Kalau dulu sekali, masyarakat masih banyak yang menunggu adzan magrib sampai menonton siaran televisi, sekarang cenderung berkurang. Kemajuan teknologi informasi membuat publik dapat dengan mudah mengakses waktu berbuka puasa melalui telepon selulernya, selain tentu kalau memasang alarm di berbagai aplikasi. Menikmati hiburan religius, ceramah agama, pengajian lewat ponsel juga menjadi kecenderungan baru.
Saya pernah merasakan bertahun-tahun berbuka puasa di tengah kemacetan lalu lintas sepulang dari kantor. Bertolak dari Olimo, Mangga Besar, pukul 17.00 adzan selalu terdengar ketika mobil masih berada di Jalan Sudirman, biasanya dekat Hotel Sahid atau menjelang Semanggi. Buka dengan air putih dan jajanan ringan yang sudah disiapkan dari kantor.
Waktu itu juga belum ada KRL, yang ada adalah kereta Odong-Odong, istilah masyarakat, yang gerbongnya sering tidak dapat menampung penumpang. Dan di dalamnya ada pedagang aneka barang dan rombongan pengamen yang selalu mendesak ketika ingin lewat.
Naik kereta juga tidak praktis karena harus terlebih dulu ke Stasiun Tanah Abang menuju Sudimara. Kalau naik bus Mayasari Bhakti jurusan Kota-Ciputat, biasanya susah dapat bangku. Lagipula sering banyak pencopet dan membawa perasaan kurang aman.

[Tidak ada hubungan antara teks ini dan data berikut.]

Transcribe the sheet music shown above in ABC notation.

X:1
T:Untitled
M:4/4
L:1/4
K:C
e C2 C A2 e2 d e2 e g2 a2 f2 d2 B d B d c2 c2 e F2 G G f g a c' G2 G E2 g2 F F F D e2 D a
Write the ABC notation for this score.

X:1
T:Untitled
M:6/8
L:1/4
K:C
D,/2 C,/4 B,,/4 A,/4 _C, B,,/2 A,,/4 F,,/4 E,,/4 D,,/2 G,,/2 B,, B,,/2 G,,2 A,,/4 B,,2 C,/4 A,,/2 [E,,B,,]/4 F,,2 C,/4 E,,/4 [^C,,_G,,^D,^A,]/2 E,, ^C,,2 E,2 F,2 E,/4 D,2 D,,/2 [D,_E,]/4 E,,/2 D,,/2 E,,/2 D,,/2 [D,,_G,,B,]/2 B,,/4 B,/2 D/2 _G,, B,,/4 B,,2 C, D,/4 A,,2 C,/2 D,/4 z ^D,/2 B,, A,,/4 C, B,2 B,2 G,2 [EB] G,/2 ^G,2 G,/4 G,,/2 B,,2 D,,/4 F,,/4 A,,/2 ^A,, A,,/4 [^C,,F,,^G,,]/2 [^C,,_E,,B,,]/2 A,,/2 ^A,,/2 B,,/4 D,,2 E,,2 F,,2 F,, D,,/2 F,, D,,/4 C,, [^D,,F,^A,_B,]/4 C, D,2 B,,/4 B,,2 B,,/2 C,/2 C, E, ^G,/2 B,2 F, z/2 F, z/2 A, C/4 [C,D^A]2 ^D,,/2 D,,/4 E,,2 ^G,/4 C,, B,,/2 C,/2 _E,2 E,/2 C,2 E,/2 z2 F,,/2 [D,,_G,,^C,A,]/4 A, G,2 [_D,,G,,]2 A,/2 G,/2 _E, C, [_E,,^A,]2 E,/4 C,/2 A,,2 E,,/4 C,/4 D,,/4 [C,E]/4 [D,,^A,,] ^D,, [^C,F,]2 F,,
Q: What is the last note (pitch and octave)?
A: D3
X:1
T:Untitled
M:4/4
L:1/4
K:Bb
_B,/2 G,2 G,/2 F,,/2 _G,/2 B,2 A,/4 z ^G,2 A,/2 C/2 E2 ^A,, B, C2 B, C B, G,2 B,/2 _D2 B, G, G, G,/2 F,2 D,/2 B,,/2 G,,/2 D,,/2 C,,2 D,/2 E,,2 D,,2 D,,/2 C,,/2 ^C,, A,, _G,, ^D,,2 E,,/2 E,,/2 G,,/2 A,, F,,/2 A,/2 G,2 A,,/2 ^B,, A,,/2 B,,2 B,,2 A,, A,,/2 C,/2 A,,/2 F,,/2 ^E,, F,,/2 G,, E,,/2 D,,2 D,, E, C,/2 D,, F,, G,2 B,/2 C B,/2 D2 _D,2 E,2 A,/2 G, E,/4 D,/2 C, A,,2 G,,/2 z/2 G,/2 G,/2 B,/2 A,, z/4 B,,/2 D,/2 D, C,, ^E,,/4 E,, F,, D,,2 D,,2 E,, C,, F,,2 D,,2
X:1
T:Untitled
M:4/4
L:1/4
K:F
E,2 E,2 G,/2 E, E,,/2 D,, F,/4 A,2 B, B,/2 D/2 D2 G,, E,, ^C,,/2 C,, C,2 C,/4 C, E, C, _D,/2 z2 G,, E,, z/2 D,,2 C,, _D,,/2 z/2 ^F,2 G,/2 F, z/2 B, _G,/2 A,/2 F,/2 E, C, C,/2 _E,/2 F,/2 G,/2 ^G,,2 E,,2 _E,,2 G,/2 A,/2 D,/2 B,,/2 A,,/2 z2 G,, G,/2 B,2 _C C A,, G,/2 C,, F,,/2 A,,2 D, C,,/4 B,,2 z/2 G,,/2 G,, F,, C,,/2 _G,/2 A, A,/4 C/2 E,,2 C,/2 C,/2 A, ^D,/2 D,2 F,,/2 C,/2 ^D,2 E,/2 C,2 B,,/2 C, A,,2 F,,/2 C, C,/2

Waktu itu jalur saya adalah Jalan Hayam Wuruk, Medan Merdeka Barat, Jalan Thamrin, Sudirman, Pakubowono, Gandaria, Iskandar Muda, Tanah Kusir, Jalan Veteran, Rempoa, Ciputat. Belum ada jalan tol JORR yang membuat ada pilihan via Tomang atau via Ciledug. Waktu perjalanan kadang mencapai 2 jam 30 menit.